Diffusion or imitation. Here, part of
an intervention given to an experimental group is used by members of the control group. Thus, the intervention
does not appear to make much of a difference, because both groups have changed.
For example, families in a training program lend materials to friends in the
control group.
One way to try to
control this is to make sure that members of the comparison groups do not know
one another. Another method is not to tell participants what group they are in---a
single blind study. However, this
may pose ethical problems. Still another method is to use delayed-intervention
control groups (so that members of the control group may be more willing to
wait).
11.
Compensatory rivalry. Knowing they
are in a control group, some participants try to change on their own.

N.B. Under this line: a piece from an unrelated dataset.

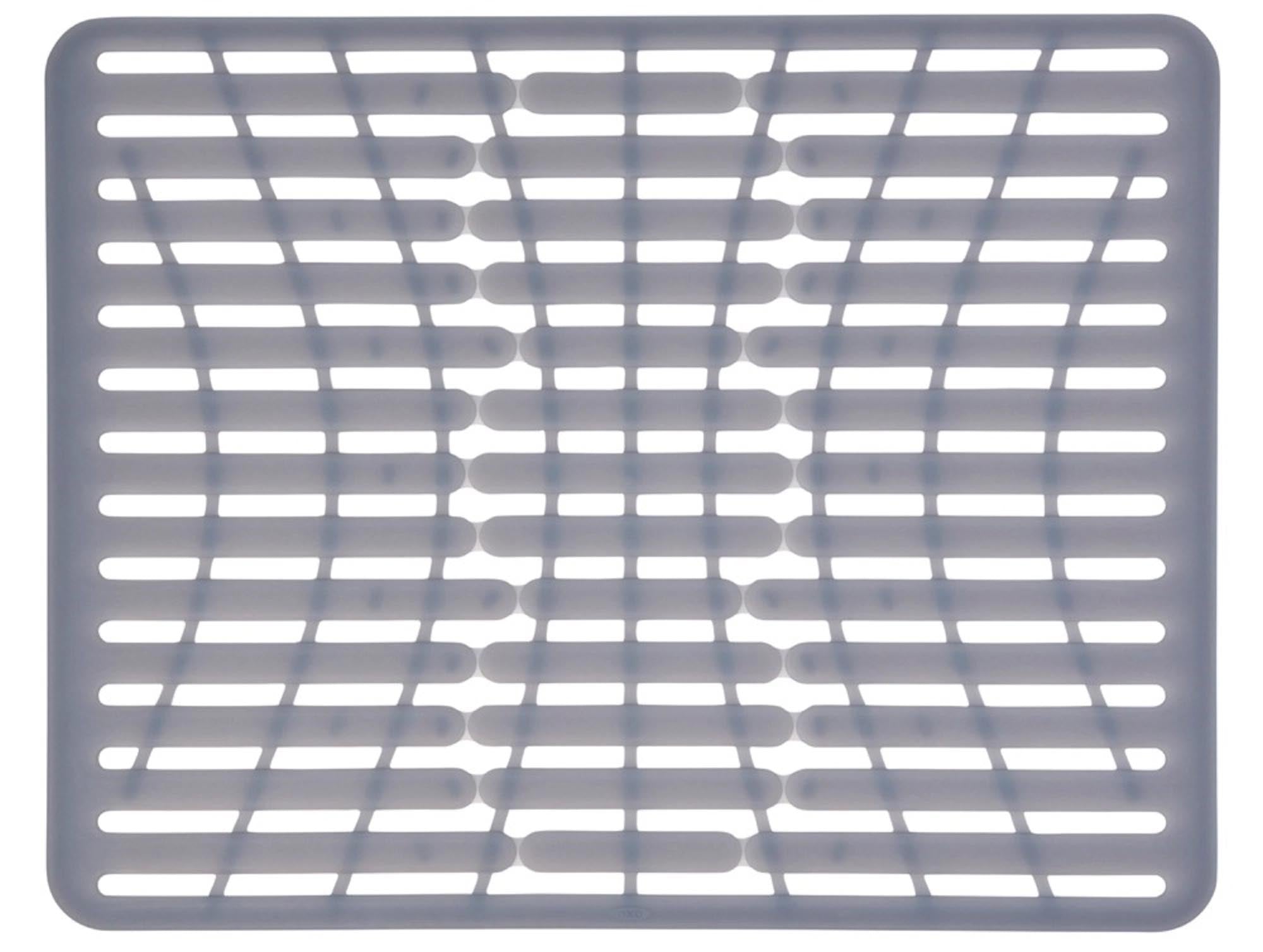 Große graue OXO Silikonmatte 43x32 cm für Spülbeckenschutz.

Improvement in the control group may be mistaken to mean that the intervention
is no better than no intervention. One
way to handle this is NOT to tell participants which group they are in. This is called a “single blind” study.
12.
Demoralization. Knowing they are in a control group, and not
receiving an intervention that they want, some members of the control group
look worse over time than they otherwise would. This may result in differences
between the experimental and control group being mistaken for the effects of
the intervention. (Imagine the effects on their life expectancy if people with
aides knew that they were in the control group of a drug experiment.)
A partial solution
is to use a delayed-treatment design (rather than no-treatment design). Also,
one could use alternative treatment groups rather than a control group.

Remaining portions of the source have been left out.